## 13. Statistical Decision Theory

### 13.1 Preliminaries

**Decision theory** is a formal theory for comparing between statistical procedures.

In the language of decision theory, a estimator is sometimes called a **decision rule** and the possible values of the decision rule are called **actions**.

We shall measure the discrepancy between $\theta$ and $\hat{\theta}$ using a **loss function** $L(\theta, \hat{\theta})$.  Formally, $L$ maps $\Theta \times \Theta$ into $\mathbb{R}$.

The **risk** of an estimator $\hat{\theta}$ is

$$ R(\theta, \hat{\theta}) = \mathbb{E}_\theta \left( L(\theta, \hat{\theta}) \right)
= \int L(\theta, \hat{\theta}(x)) f(x; \theta) dx$$

When the loss function is squared error, then the risk is just the mean squared error:

$$R(\theta, \hat{\theta}) = \mathbb{E}_\theta(\hat{\theta} - \theta)^2 = \text{MSE} = \mathbb{V}_\theta(\hat{\theta}) + \text{bias}_\theta^2(\hat{\theta})$$

In the rest of chapter, if the risk function is not specified, assume the loss function is the squared error.

### 13.2 Comparing Risk Functions

The **maximum risk** is

$$ \overline{R}(\hat{\theta}) = \sup_\theta R(\theta, \hat{\theta})$$

and the **Bayes risk** is

$$ r(\pi, \hat{\theta}) = \int R(\theta, \hat{\theta}) \pi(\theta) d\theta$$

where $\pi(\theta)$ is a prior for $\theta$.

An estimator that minimizes the maximum risk is called a **minimax rule**. Formally, $\hat{\theta}$ is minimax if

$$R(\theta, \hat{\theta}) = \inf_{\overline{\theta}} \sup_\theta R(\theta, \hat{\theta})$$

where the infimum is over all estimators $\overline{\theta}$.

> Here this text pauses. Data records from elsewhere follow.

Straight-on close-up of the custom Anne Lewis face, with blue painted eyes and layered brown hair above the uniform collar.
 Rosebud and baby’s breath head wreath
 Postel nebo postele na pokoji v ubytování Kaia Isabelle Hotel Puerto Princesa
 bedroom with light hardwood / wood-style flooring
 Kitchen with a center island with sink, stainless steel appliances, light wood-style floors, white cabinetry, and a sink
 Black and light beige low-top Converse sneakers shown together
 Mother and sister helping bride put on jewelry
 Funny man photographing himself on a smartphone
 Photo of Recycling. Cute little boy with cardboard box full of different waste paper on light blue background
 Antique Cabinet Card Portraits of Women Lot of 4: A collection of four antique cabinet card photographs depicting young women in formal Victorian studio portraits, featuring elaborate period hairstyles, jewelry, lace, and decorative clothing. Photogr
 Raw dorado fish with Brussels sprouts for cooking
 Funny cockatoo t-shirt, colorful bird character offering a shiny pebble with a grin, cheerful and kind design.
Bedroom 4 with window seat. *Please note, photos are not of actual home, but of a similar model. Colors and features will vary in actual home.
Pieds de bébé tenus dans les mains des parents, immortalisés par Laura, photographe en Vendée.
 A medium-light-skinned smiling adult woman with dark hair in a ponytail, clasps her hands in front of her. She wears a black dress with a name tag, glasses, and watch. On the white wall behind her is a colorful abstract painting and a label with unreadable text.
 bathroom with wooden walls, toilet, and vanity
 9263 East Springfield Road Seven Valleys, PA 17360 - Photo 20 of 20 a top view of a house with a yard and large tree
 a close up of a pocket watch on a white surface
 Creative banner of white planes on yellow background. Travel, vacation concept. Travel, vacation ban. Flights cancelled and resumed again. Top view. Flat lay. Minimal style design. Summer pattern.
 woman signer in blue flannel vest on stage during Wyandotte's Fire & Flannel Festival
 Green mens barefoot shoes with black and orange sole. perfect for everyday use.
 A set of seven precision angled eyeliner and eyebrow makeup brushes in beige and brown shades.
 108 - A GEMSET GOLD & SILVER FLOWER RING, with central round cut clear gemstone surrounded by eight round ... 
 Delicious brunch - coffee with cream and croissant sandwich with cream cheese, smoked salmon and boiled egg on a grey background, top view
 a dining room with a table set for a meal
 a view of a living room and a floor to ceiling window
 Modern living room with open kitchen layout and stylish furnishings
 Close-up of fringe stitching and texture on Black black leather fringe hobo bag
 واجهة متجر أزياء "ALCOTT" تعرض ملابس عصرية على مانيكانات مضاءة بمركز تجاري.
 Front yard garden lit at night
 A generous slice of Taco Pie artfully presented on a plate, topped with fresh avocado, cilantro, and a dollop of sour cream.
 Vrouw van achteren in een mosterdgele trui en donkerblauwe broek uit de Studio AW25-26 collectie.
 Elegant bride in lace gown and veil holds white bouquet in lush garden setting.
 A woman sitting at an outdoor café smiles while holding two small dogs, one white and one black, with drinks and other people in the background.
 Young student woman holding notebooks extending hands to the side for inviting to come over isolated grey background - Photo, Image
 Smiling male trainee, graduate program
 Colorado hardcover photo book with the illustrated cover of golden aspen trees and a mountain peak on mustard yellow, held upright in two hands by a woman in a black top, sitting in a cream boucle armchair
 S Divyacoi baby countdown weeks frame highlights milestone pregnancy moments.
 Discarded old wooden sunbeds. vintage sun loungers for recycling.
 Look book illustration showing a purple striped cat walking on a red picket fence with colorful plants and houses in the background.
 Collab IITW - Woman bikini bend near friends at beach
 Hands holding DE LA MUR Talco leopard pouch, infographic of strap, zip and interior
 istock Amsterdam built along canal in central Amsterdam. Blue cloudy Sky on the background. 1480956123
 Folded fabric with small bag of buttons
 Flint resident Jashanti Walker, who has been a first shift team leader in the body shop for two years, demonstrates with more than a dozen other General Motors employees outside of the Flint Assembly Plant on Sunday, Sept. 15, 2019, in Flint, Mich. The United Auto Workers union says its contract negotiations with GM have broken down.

A decision rule that minimizes the Bayes risk is called a **Bayes rule**. Formally, $\hat{\theta}$ is a Bayes rule for prior $\pi$ if

$$R(\theta, \hat{\theta}) = \inf_{\overline{\theta}} r(\pi, \overline{\theta})$$

where the infimum is over all estimators $\overline{\theta}$.

### 13.3 Bayes Estimators

Let $\pi$ be a prior.  From Bayes' theorem, the posterior density is

$$f(\theta | x) = \frac{f(x | \theta) \pi(\theta)}{m(x)} = \frac{f(x | \theta) \pi(\theta)}{\int f(x | \theta) \pi(\theta) d\theta} $$

where $m(x) = \int f(x, \theta) d\theta = \int f(x | \theta) \pi(\theta) d\theta$ is the **marginal distribution** of $X$.  Define the **posterior risk** of an estimator $\hat{\theta}(x)$ by

$$r(\hat{\theta} | x) = \int L(\theta, \hat{\theta}(x)) f(\theta | x) d\theta$$

**Theorem 13.8**.  The Bayes risk $r(\pi, \hat{\theta})$ satisfies

$$r(\pi, \hat{\theta}) = \int r(\hat{\theta} | x) m(x) dx$$

Let $\hat{\theta}(x)$ be the value of $\theta$ that minimizes $r(\hat{\theta} | x)$.  Then $\hat{\theta}$ is the Bayes estimator.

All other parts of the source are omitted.